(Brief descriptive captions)
--*--
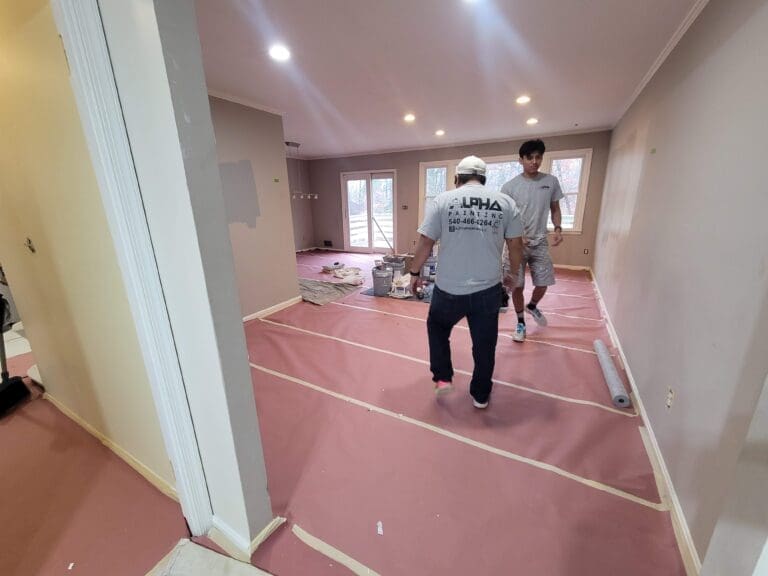 what makes professional painters different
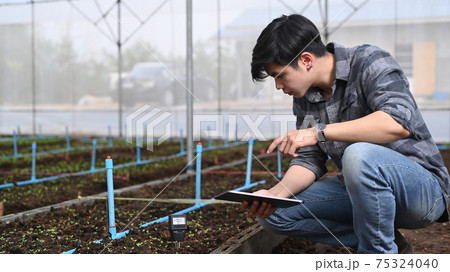 Smart farmer man using digital tablet tablet examining the growth of plants in the greenhouse. Smart farmer man using digital tablet tablet examining the growth of plants in the greenhouse. 75324040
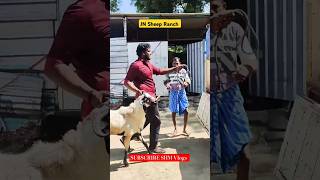 BAKRID 2024 | Goats delivery| Full video out now! | Don't miss it | #goat #sheep #chennai #india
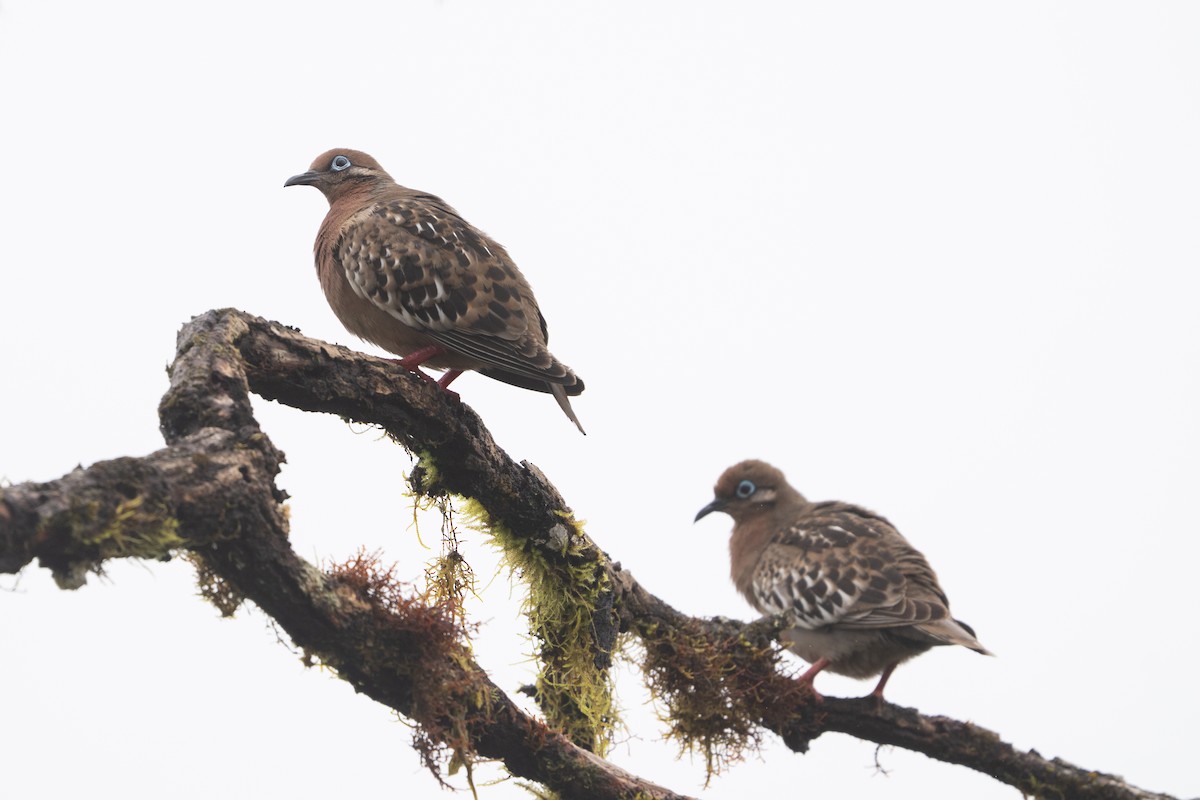 Galapagos Dove - ML645837605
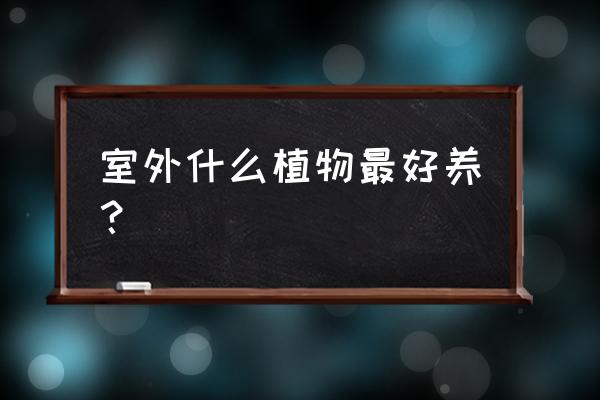 附近花园适宜生长的植物 室外什么植物最好养? 附近花园适宜生长的植物 室外什么植物最好养?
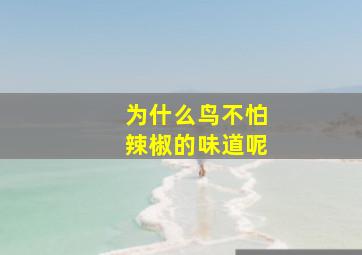 为什么鸟不怕辣椒的味道呢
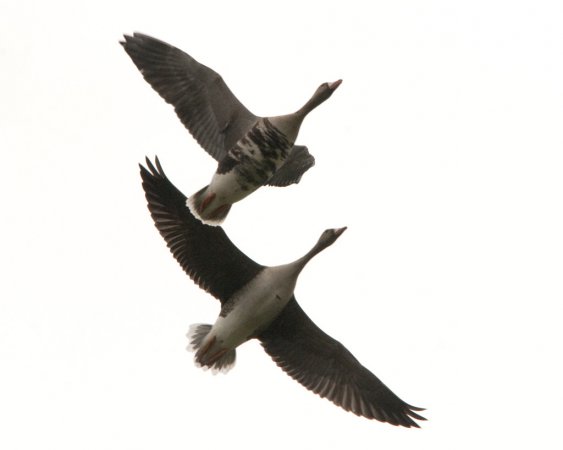 Photo (5): Greater White-fronted Goose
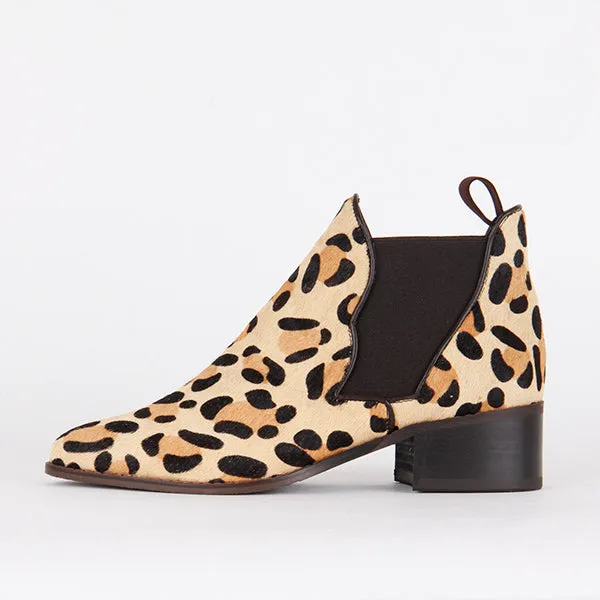 LAFF - leopard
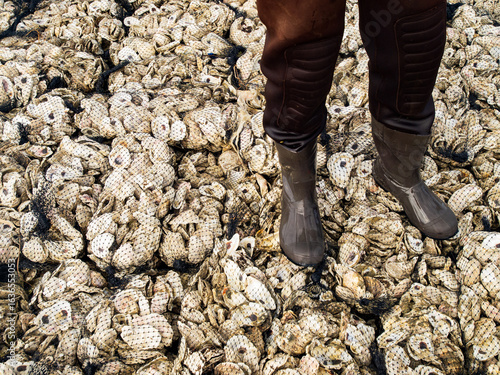 A man in waders and rubber boots stands on artificial reefs at an oyster restoration site near Mobile, Alabama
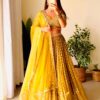 Sequance Embroidered Georgette Lehenga Choli
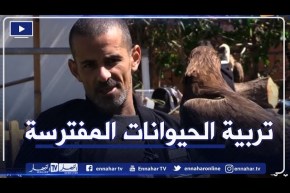 عائلة طاطاي تحول منزلها لحديقة ترويض حيوانات مفترسة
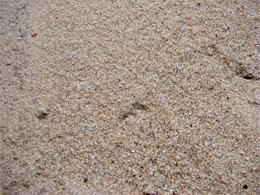 Sand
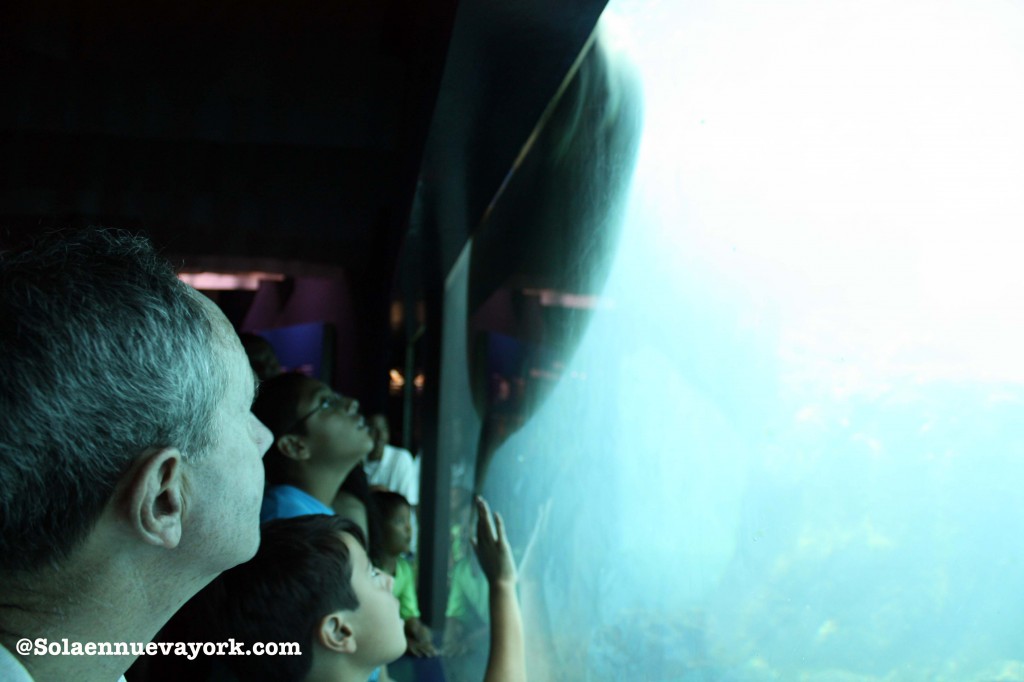 Coney Island - Aquarium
--*--
= Your task =
All of the records need repeating exactly, except for the pictures.

= Written answer =
 what makes professional painters different
 Smart farmer man using digital tablet tablet examining the growth of plants in the greenhouse. Smart farmer man using digital tablet tablet examining the growth of plants in the greenhouse. 75324040
 BAKRID 2024 | Goats delivery| Full video out now! | Don't miss it | #goat #sheep #chennai #india
 Galapagos Dove - ML645837605
 附近花园适宜生长的植物 室外什么植物最好养? 附近花园适宜生长的植物 室外什么植物最好养?
 为什么鸟不怕辣椒的味道呢
 Photo (5): Greater White-fronted Goose
 LAFF - leopard
 A man in waders and rubber boots stands on artificial reefs at an oyster restoration site near Mobile, Alabama
 Sequance Embroidered Georgette Lehenga Choli
 عائلة طاطاي تحول منزلها لحديقة ترويض حيوانات مفترسة
 Sand
 Coney Island - Aquarium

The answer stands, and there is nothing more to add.